→ **WHAT THE EXERCISE ASKS**
Set down every entry again word for word, please, but skip the pictures.

→ **RECORDS FOR THIS TASK**
[Start of Attachment]

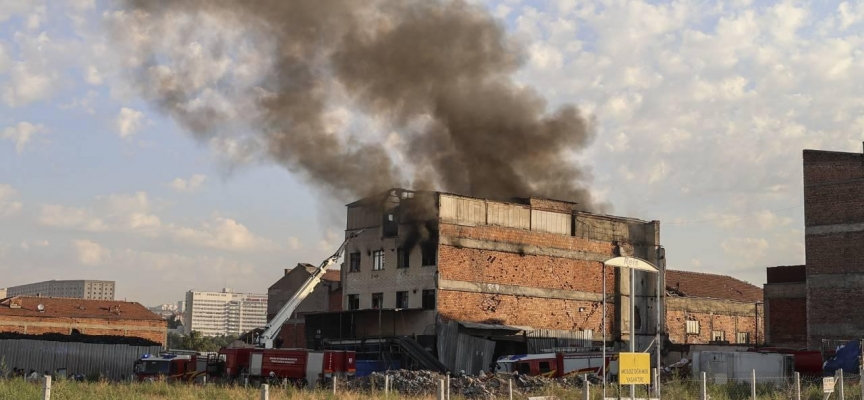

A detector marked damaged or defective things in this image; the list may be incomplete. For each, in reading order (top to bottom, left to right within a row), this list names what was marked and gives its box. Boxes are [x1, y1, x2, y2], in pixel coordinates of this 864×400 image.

broken window [422, 244, 438, 266]
damaged roof [668, 268, 764, 304]
damaged roof [0, 296, 162, 322]
rusty metal wall [0, 340, 160, 380]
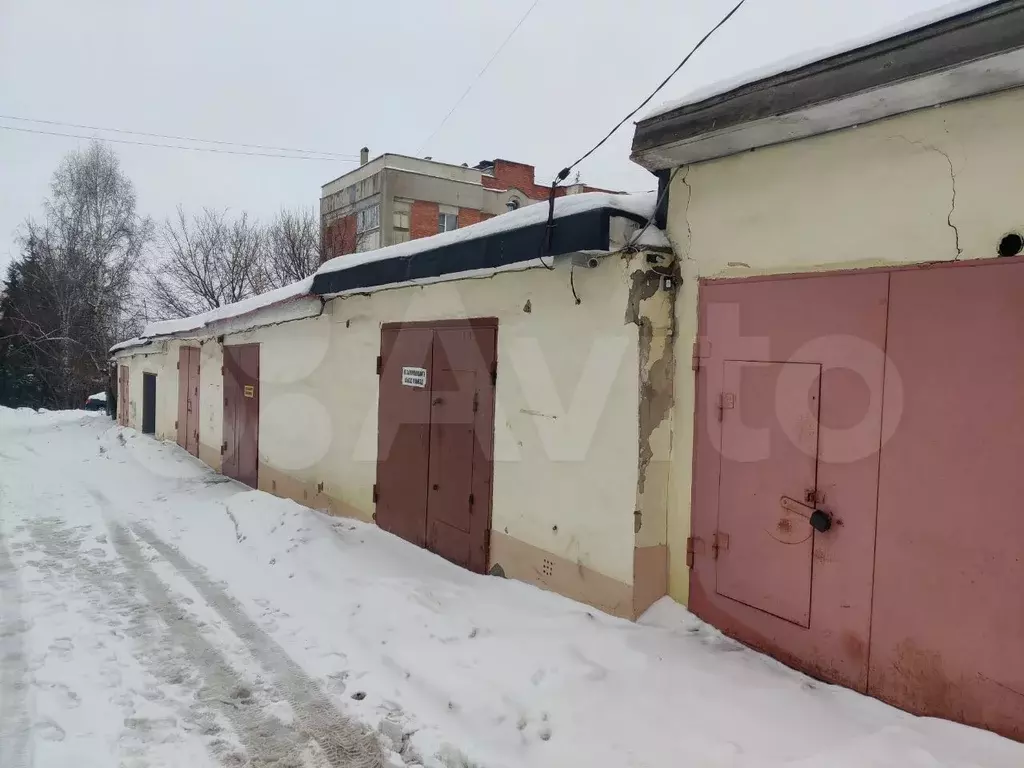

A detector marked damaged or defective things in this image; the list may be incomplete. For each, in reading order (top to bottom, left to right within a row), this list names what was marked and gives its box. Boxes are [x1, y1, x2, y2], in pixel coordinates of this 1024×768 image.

cracked stucco wall [656, 84, 1024, 608]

[End of Attachment]

→ **RESPONSE TO THIS TASK**
A detector marked damaged or defective things in this image; the list may be incomplete. For each, in reading order (top to bottom, left to right within a row), this list names what was marked and gives its box. Boxes are [x1, y1, x2, y2], in pixel coordinates of this 864×400 image.

broken window [422, 244, 438, 266]
damaged roof [668, 268, 764, 304]
damaged roof [0, 296, 162, 322]
rusty metal wall [0, 340, 160, 380]

A detector marked damaged or defective things in this image; the list may be incomplete. For each, in reading order (top to bottom, left to right within a row), this list names what was marked and gives its box. Boxes are [x1, y1, x2, y2], in pixel coordinates of this 1024×768 image.

cracked stucco wall [656, 84, 1024, 608]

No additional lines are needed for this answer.